**Task details**:
Only the lines from the line containing "Başkan Sandıkçı öğrencileri" to the end of the entries, both included, belong in your answer, and each must match exactly.

START Entries supplied

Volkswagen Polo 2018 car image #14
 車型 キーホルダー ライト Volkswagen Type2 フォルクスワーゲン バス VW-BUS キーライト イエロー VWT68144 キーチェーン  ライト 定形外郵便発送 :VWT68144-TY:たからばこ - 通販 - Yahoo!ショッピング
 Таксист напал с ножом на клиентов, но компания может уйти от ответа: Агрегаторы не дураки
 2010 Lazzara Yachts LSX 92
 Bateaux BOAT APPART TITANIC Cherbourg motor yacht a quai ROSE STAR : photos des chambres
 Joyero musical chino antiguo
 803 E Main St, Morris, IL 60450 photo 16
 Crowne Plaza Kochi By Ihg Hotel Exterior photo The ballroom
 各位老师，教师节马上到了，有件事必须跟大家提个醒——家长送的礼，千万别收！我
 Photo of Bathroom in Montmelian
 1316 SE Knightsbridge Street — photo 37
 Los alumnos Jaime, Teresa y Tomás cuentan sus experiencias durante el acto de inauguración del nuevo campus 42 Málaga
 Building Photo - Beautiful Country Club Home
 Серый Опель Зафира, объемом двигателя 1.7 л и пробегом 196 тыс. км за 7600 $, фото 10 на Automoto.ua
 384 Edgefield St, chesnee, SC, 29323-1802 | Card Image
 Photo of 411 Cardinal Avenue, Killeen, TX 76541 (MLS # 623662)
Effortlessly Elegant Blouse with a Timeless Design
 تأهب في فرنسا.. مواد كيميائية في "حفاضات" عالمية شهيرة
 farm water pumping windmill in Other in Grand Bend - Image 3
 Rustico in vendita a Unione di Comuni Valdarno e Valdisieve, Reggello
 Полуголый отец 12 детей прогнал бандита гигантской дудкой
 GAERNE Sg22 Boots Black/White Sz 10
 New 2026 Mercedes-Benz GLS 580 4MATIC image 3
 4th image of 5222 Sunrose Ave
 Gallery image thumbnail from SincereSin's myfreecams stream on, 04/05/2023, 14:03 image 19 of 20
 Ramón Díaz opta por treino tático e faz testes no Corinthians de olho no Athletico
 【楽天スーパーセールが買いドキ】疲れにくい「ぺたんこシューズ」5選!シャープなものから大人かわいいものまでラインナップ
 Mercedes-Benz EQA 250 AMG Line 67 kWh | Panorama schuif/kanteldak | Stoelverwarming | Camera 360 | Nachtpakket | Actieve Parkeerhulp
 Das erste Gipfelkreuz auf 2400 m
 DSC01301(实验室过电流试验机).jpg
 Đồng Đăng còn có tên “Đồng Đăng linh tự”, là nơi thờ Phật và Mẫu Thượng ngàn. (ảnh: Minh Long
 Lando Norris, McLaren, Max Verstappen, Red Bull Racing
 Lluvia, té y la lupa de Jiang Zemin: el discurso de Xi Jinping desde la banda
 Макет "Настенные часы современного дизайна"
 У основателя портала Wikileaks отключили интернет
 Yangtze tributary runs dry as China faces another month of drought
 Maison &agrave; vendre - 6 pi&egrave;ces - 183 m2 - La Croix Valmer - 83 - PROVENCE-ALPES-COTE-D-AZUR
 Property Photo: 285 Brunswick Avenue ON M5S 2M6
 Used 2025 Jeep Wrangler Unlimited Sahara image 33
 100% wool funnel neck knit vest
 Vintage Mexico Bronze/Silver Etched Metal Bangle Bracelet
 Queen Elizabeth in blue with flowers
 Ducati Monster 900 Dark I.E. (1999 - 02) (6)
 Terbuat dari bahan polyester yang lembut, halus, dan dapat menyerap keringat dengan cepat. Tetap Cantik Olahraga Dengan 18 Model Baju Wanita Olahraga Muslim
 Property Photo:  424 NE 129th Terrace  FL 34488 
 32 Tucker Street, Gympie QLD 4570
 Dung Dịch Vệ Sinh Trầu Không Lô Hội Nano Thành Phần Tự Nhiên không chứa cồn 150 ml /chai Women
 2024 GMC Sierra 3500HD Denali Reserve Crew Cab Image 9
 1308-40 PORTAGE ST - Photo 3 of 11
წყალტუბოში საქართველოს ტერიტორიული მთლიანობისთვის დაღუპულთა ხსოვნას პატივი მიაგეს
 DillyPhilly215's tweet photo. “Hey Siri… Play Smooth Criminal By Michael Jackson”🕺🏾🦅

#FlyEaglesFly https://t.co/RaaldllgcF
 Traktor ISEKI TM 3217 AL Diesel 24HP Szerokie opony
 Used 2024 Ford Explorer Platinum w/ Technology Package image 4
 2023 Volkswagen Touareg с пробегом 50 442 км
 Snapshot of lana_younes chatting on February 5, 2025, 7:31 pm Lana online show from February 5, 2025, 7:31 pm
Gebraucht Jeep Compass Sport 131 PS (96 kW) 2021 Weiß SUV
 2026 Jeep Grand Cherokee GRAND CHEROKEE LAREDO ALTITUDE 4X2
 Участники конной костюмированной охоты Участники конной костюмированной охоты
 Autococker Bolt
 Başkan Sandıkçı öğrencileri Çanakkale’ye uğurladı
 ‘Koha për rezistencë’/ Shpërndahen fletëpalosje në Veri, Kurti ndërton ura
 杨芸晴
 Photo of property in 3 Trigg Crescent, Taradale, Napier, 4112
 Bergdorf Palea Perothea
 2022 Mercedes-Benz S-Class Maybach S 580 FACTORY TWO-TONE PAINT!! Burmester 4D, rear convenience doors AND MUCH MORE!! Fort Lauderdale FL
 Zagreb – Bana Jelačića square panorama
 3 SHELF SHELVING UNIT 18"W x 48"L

END Entries supplied

**Answer to this task**:
 Başkan Sandıkçı öğrencileri Çanakkale’ye uğurladı
 ‘Koha për rezistencë’/ Shpërndahen fletëpalosje në Veri, Kurti ndërton ura
 杨芸晴
 Photo of property in 3 Trigg Crescent, Taradale, Napier, 4112
 Bergdorf Palea Perothea
 2022 Mercedes-Benz S-Class Maybach S 580 FACTORY TWO-TONE PAINT!! Burmester 4D, rear convenience doors AND MUCH MORE!! Fort Lauderdale FL
 Zagreb – Bana Jelačića square panorama
 3 SHELF SHELVING UNIT 18"W x 48"L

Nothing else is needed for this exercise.